▶ **Work to be completed**:
Write out, with no changes, every line starting at the one that contains "Auto mechanic working" and ending at the last line of the data below. Leave pictures out.

Recorded data
###
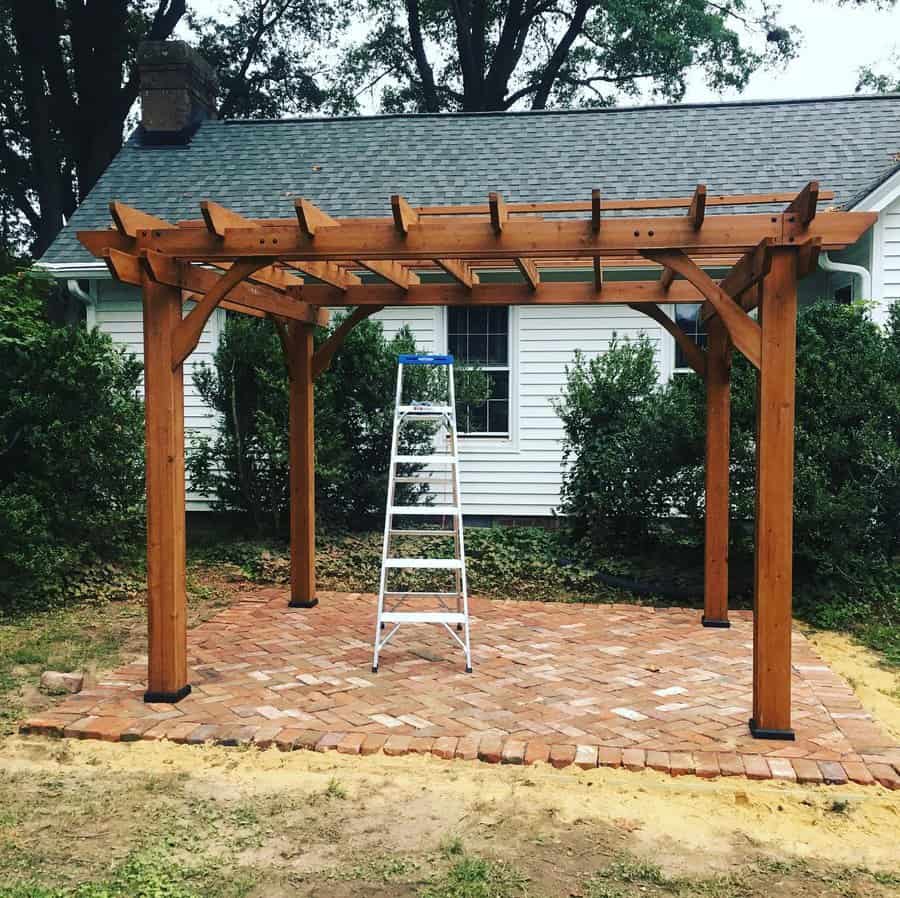 Backyard pergola with red bricks floor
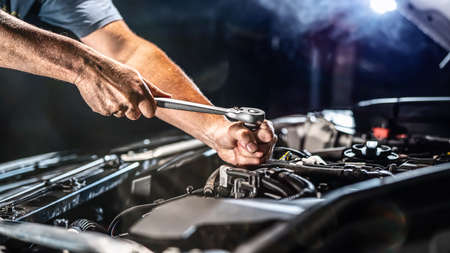 Auto mechanic working on car engine in mechanics garage. Repair service. authentic close-up shot - selective focus with motion blurの写真素材
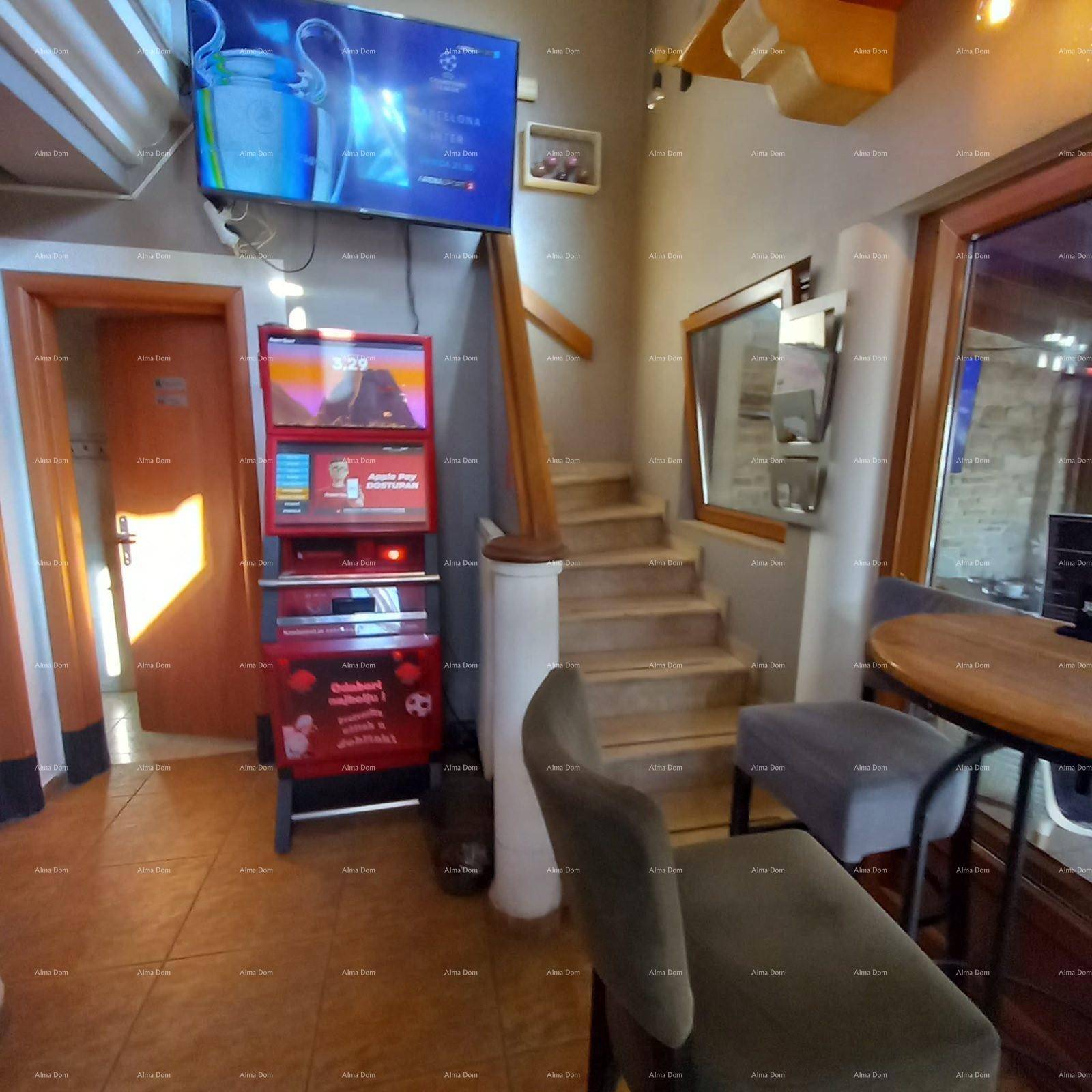 Eingangsbereich mit Holztreppe, Fliesenboden und einem Fernseher an der Wand.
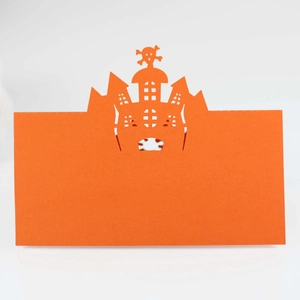 Macro detail of laser-cut orange Halloween table card with hollow castle and skull design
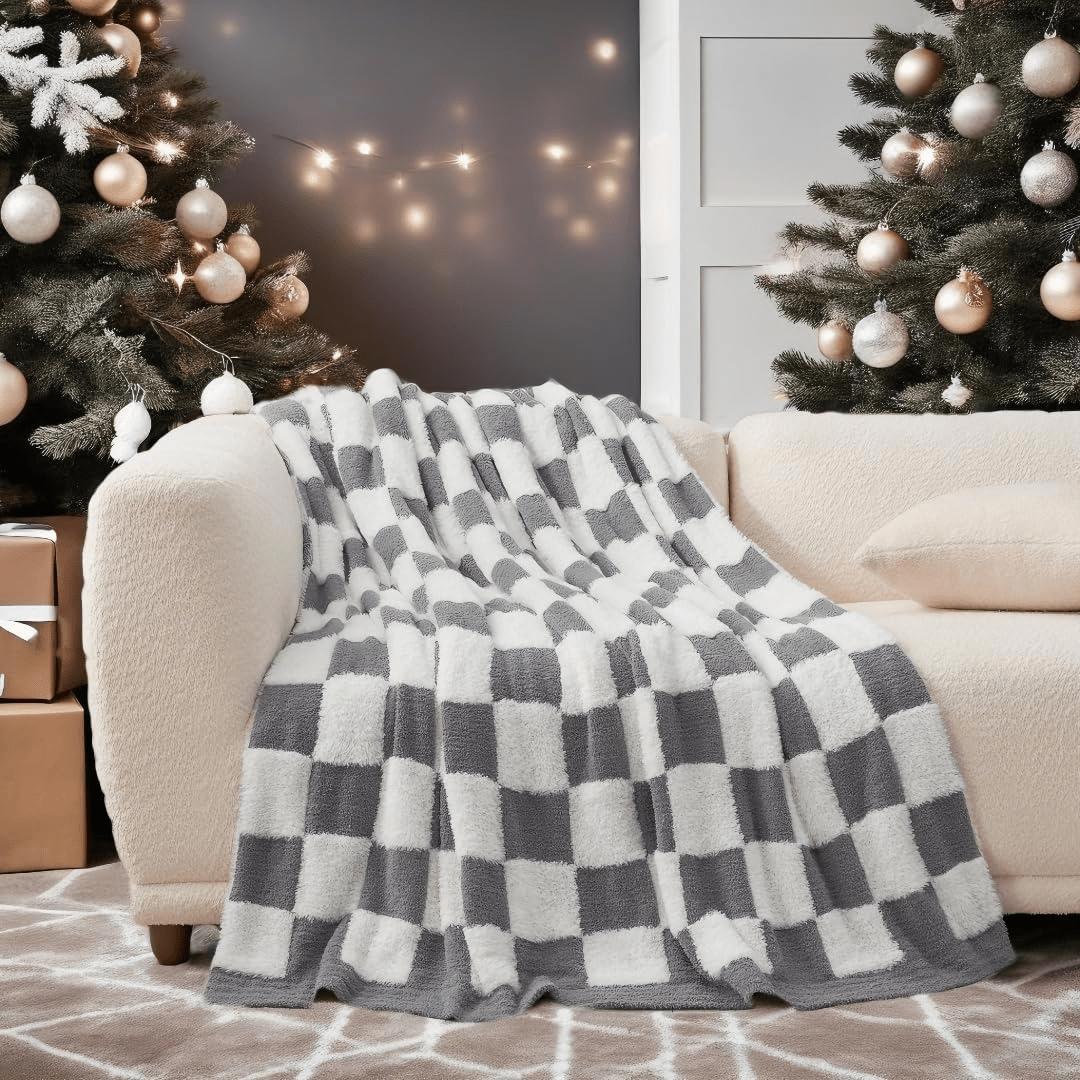 Checkered Faux Fur Feather Yarn Throw Blanket in Grey & White draped over a sofa, highlighting its stylish design. #color_Grey & White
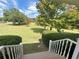 View from the porch, showcasing the lush, well-maintained front yard and mature trees at 5791 Warren Farm Sw Rd, Powder Springs, GA 30127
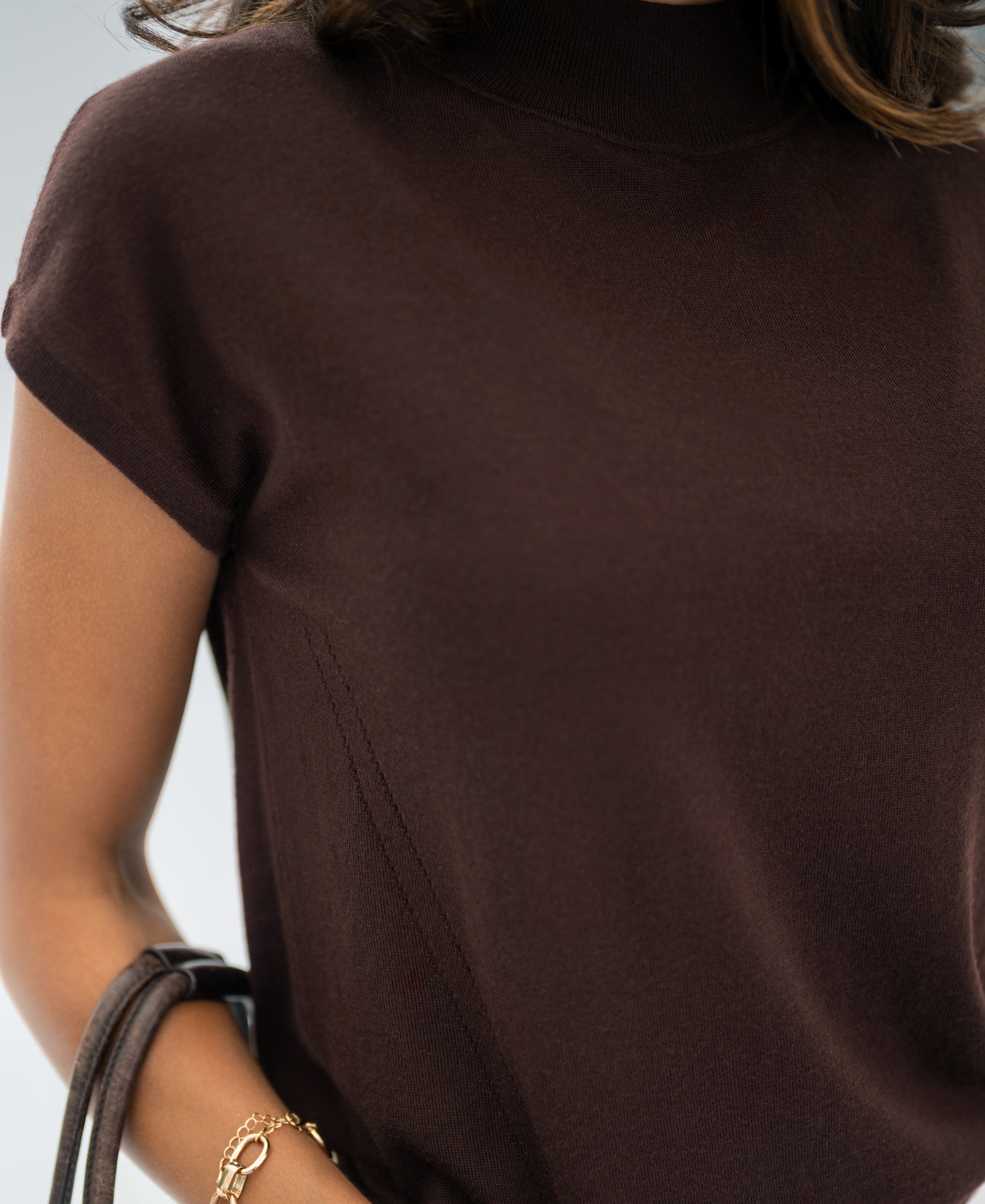 Woman wearing merino wool brown top, front view.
###
▶ **Your solution**:
 Auto mechanic working on car engine in mechanics garage. Repair service. authentic close-up shot - selective focus with motion blurの写真素材
 Eingangsbereich mit Holztreppe, Fliesenboden und einem Fernseher an der Wand.
 Macro detail of laser-cut orange Halloween table card with hollow castle and skull design
 Checkered Faux Fur Feather Yarn Throw Blanket in Grey & White draped over a sofa, highlighting its stylish design. #color_Grey & White
 View from the porch, showcasing the lush, well-maintained front yard and mature trees at 5791 Warren Farm Sw Rd, Powder Springs, GA 30127
 Woman wearing merino wool brown top, front view.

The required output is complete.